Maggie Morse lives around the corner from the intersection and says she's afraid.
"I've witnessed two fatal accidents (and) I've seen three near-fatal accidents. I live on the corner. I listen to racing all night, every night," Morse said. "So you ask my why I am here, I've heard the talk. I'm ready to hear some actions that they're going to take."
"I have boulders around my house, because I can’t keep a fence up because of reckless driving," one speaker said. "I've had my house hit five times."
Among those in the crowd was Julie Wellinger, who lost her son, Jerrold, in August. Milwaukee Police say the car he was riding in was hit by a driver who was racing.
"You’re out there speeding, that could be you, that could a be a family member of yours, it could be a friend," Wellinger said.
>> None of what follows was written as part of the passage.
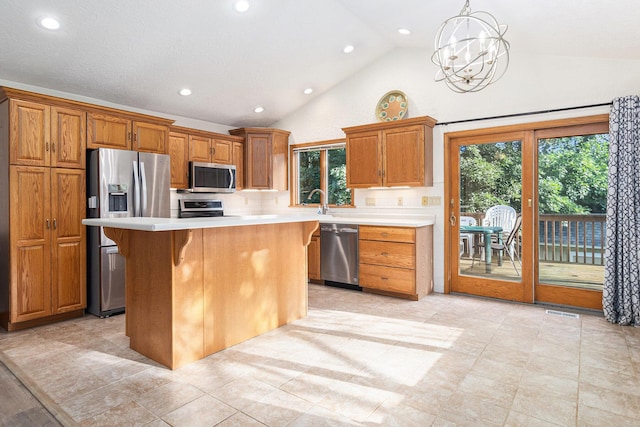 2240 Quincy Ave, Portage, MI 49024 - kitchen with stainless steel appliances, light countertops, recessed lighting, healthy amount of natural light, and high vaulted ceiling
Data from Milwaukee Police's Traffic Safety Unit shows 57 people have died in crashes so far in 2021. The TSU has issued more than 16,000 citations since its inception in February.
A spokesperson for the Department of Public Works told TMJ4 News crews reduced Van Buren Street to one lane of traffic each way in the stretch from the Holton Street bridge to Kilbourn Avenue. It is in response to concerns about speeding and pedestrian safety. The stretch also includes a two-way left turn lane in the center.
Leaders at the town hall discussed plenty of potential solutions, such as red light cameras and speed bumps. Leaders acknowledged there are also systemic issues that also need to be addressed, such as providing resources and opportunities to young people.
TMJ4 News asked MPD Acting Chief Jeffrey Norman what he says to the people who expressed they are afraid to drive on Milwaukee streets.
"I say that I hear you," Chief Norman said. "And that we are working with other partners to have that impact. We know this is not something that will happen overnight, we’re not going to get to where we need to be, but are you seeing those efforts being put forth?"
"We can talk and talk and talk, but is it really going to happen?" Wellinger said. "Are we really going to see a change in the city, or is it going to get worse and worse?"